Corbin Senior Center’s “homegrown tours” allow boomers and seniors – some who traveled throughout the world in their younger years – to focus on their community.

“I (do) a tour called ‘Northwest Treasures.’ We go to three or four places and have lunch to show people what is available in the community,” Richardson said.

They tour landmark buildings as well as nonprofit organizations, such as the Salvation Army and Catholic Charities, where they learn about the missions of the organizations.

Boomers will embrace the physical and mental health benefits of travel, too, Richardson predicted.

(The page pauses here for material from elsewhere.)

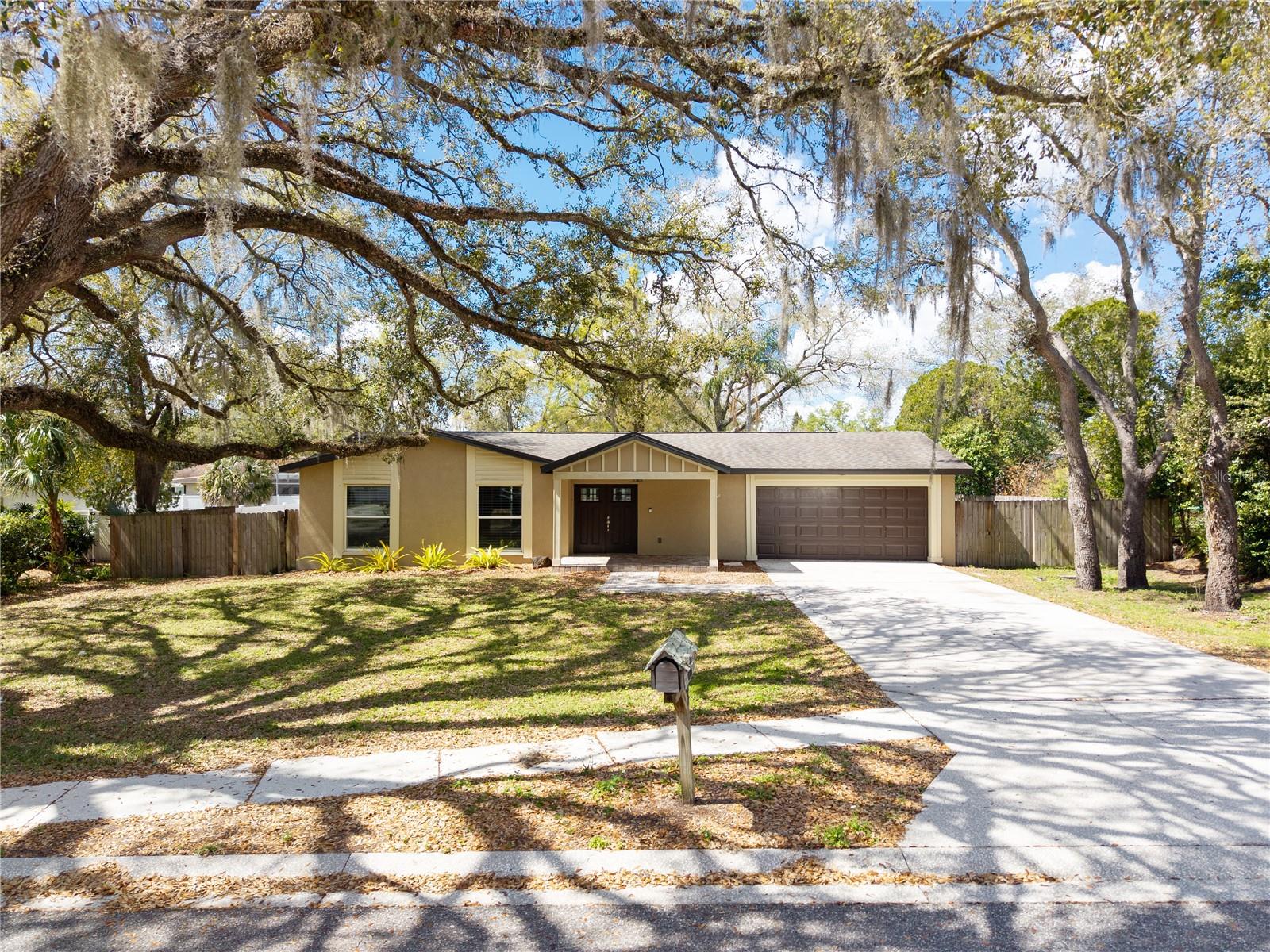 Listing photo id 22 for 10700 62nd Street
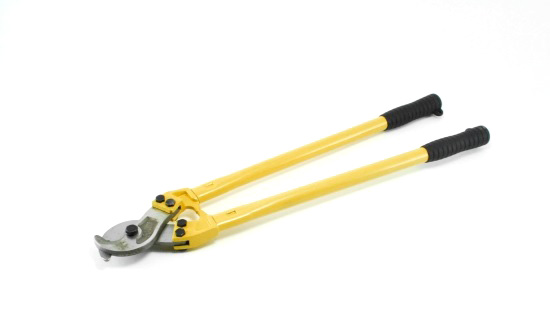 Hose plier for cutting hoses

“If you have something to look forward to, you will prepare for it,” she said. “If you have an operation, you can say six months from now I’ll be traveling, I’ll get into shape.”

Legacy trips

Boomer grandparents complain among their peers about all the “stuff” their grandchildren possess, even if the grandparents are responsible for much of the bounty.

Experiences, however, don’t pile up in a toy box. They pile up in the memory.

Boomers reminisce about childhood trips they took in old station wagons – no seatbelts, no air-conditioning – and the funky resorts they stayed in filled with weird bugs and strange humans. Great memories.

The travel industry is banking on boomers creating a legacy of memories for their grandchildren – from European river cruises to day trips to Silverwood Theme Park.

Spiegel doesn’t yet have grandkids, but she and her husband feel confident they’ve passed on the uber-travel instinct to their kids.

“We took our kids a lot of places,” Spiegel said. “We had a time share, and my kids asked why are we always going these places in the off-season? I said that’s when we can get it.

“I felt it was important to (show) my kids that not everything was like where they lived. It was better than giving them tons of material things.”